(Work request)
Using the records below, give again exactly the lines from the line that contains "حري نعيمي تيوس رفيدي سواكني بربري 8" through the line that contains "Mabel - Black", both ends included, and only those.

(Supplied information)
....

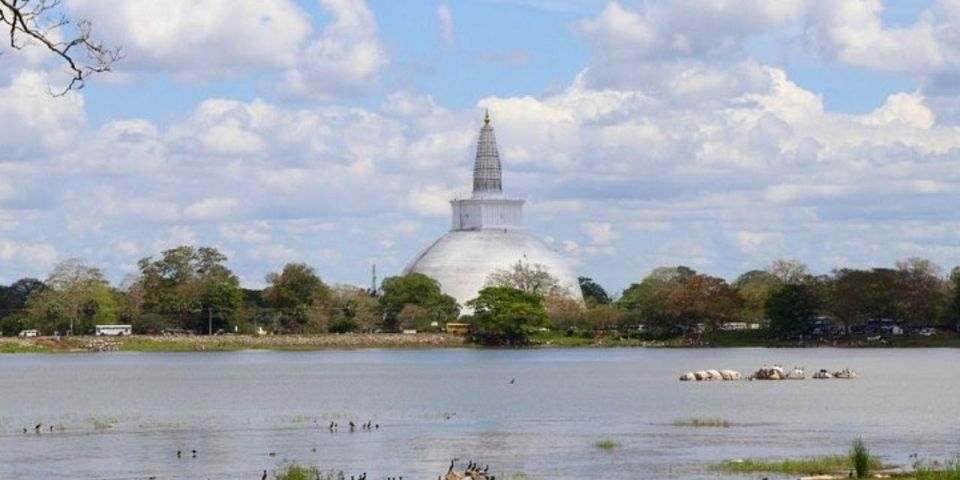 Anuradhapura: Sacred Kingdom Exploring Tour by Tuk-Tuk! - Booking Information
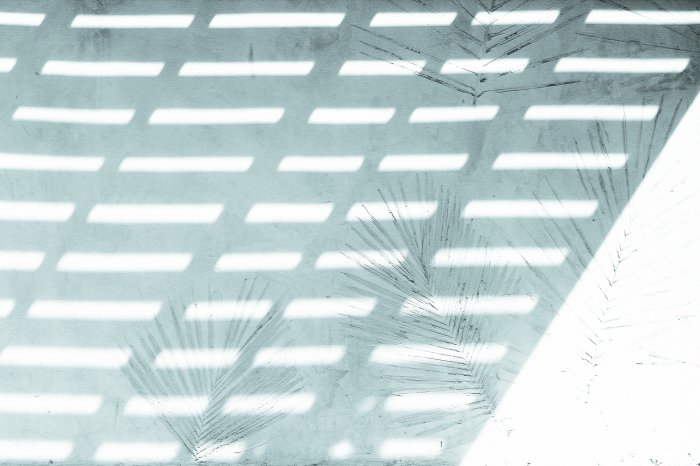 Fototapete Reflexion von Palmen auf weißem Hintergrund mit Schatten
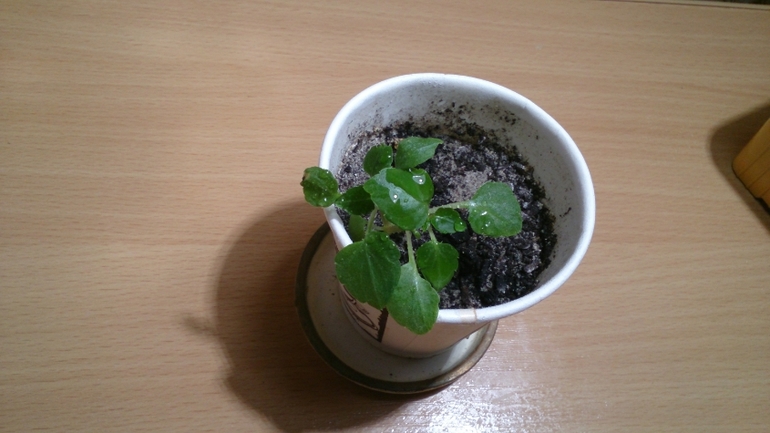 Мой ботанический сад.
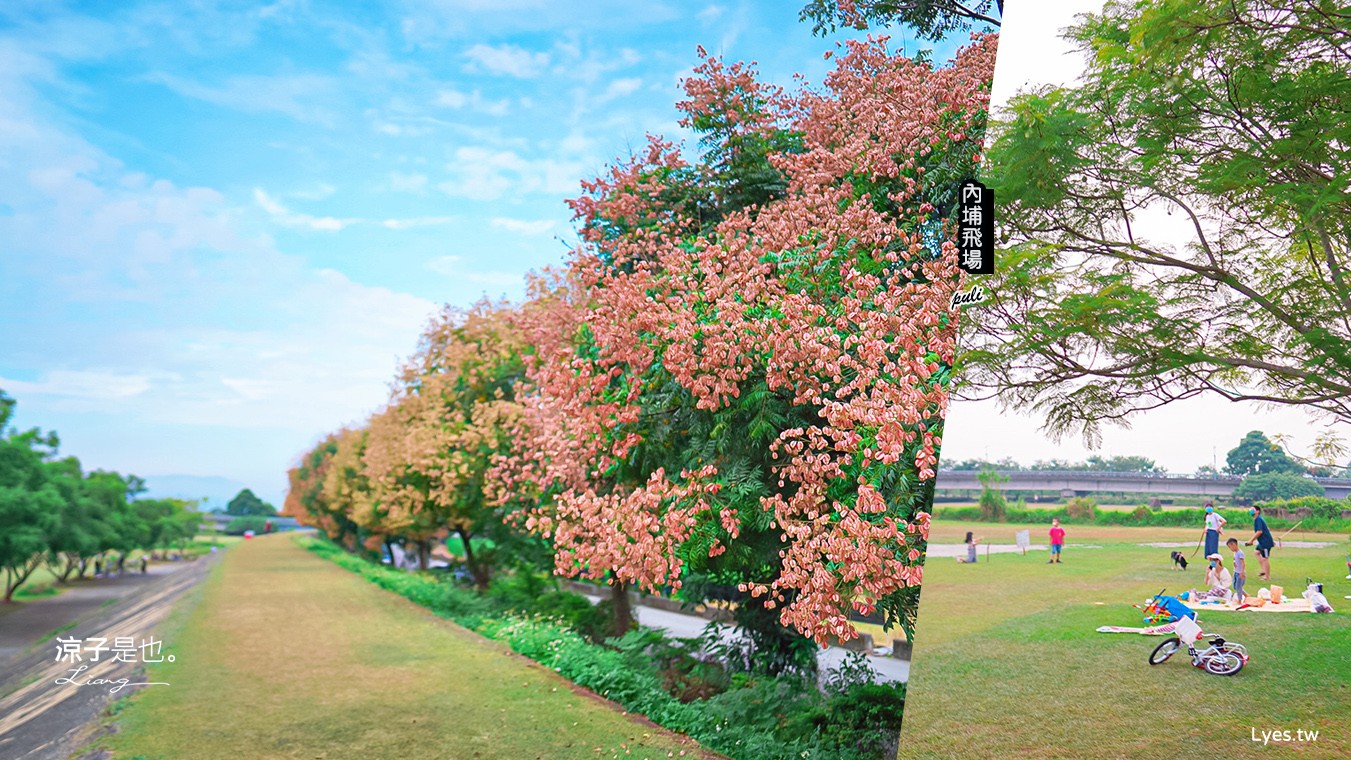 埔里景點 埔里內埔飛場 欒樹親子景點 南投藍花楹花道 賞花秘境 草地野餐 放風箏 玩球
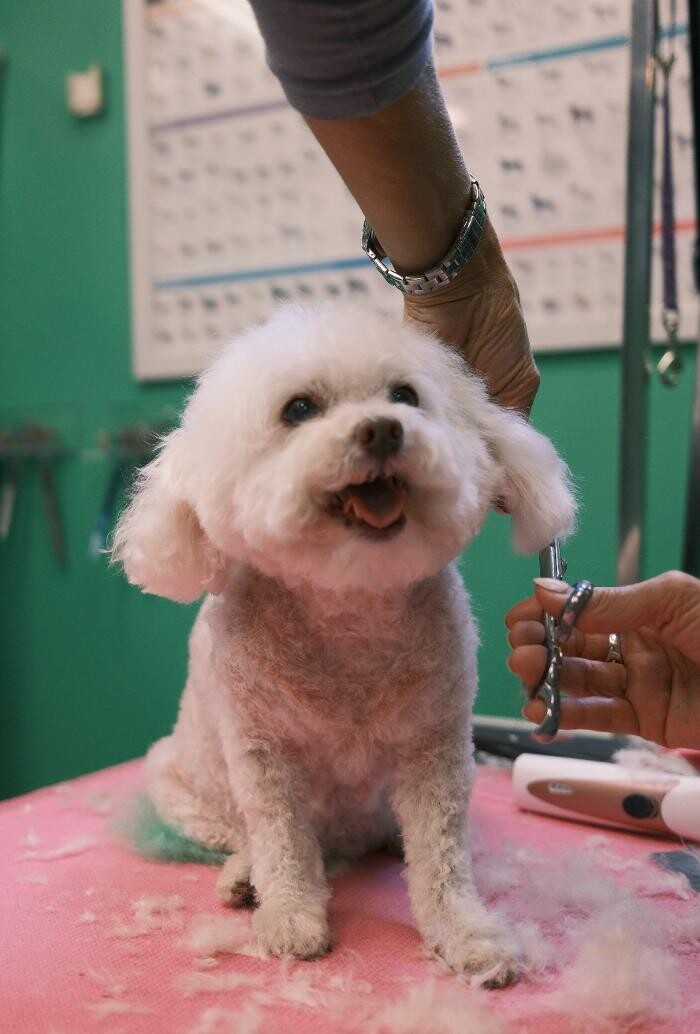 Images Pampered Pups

....

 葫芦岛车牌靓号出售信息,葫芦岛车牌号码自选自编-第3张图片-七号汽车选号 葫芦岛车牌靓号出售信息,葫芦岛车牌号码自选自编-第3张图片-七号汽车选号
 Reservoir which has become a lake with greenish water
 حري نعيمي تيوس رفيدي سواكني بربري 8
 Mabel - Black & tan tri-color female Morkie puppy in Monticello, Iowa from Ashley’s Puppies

....

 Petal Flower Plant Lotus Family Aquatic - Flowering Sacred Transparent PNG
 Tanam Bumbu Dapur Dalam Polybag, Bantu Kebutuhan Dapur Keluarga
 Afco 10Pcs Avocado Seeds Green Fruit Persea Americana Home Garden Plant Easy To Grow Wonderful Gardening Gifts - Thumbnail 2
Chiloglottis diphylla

....

(Written solution)
 حري نعيمي تيوس رفيدي سواكني بربري 8
 Mabel - Black & tan tri-color female Morkie puppy in Monticello, Iowa from Ashley’s Puppies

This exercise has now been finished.